## Work request
The data should be transcribed in its entirety, word for word.

[[ Provided information, beginning ]]

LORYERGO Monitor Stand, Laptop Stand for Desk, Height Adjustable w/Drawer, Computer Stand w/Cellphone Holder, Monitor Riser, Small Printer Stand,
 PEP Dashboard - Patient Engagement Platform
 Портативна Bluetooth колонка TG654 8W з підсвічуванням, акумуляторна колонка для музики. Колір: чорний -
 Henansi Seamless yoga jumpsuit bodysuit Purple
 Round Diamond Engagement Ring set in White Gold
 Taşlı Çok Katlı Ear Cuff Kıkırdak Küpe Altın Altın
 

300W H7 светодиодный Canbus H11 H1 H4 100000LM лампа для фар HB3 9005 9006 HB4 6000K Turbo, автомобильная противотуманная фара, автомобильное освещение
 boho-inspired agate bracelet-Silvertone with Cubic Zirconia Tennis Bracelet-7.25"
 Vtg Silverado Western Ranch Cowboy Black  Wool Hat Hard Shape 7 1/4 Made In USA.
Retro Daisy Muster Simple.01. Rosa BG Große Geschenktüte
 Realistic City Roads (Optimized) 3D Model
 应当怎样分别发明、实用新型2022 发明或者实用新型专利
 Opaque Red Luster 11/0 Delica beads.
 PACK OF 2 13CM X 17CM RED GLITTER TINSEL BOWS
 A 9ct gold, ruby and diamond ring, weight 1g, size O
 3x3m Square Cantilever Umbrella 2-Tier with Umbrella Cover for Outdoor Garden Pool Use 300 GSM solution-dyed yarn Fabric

[[ Provided information, end ]]

## Solved exercise
LORYERGO Monitor Stand, Laptop Stand for Desk, Height Adjustable w/Drawer, Computer Stand w/Cellphone Holder, Monitor Riser, Small Printer Stand,
 PEP Dashboard - Patient Engagement Platform
 Портативна Bluetooth колонка TG654 8W з підсвічуванням, акумуляторна колонка для музики. Колір: чорний -
 Henansi Seamless yoga jumpsuit bodysuit Purple
 Round Diamond Engagement Ring set in White Gold
 Taşlı Çok Katlı Ear Cuff Kıkırdak Küpe Altın Altın
 

300W H7 светодиодный Canbus H11 H1 H4 100000LM лампа для фар HB3 9005 9006 HB4 6000K Turbo, автомобильная противотуманная фара, автомобильное освещение
 boho-inspired agate bracelet-Silvertone with Cubic Zirconia Tennis Bracelet-7.25"
 Vtg Silverado Western Ranch Cowboy Black  Wool Hat Hard Shape 7 1/4 Made In USA.
Retro Daisy Muster Simple.01. Rosa BG Große Geschenktüte
 Realistic City Roads (Optimized) 3D Model
 应当怎样分别发明、实用新型2022 发明或者实用新型专利
 Opaque Red Luster 11/0 Delica beads.
 PACK OF 2 13CM X 17CM RED GLITTER TINSEL BOWS
 A 9ct gold, ruby and diamond ring, weight 1g, size O
 3x3m Square Cantilever Umbrella 2-Tier with Umbrella Cover for Outdoor Garden Pool Use 300 GSM solution-dyed yarn Fabric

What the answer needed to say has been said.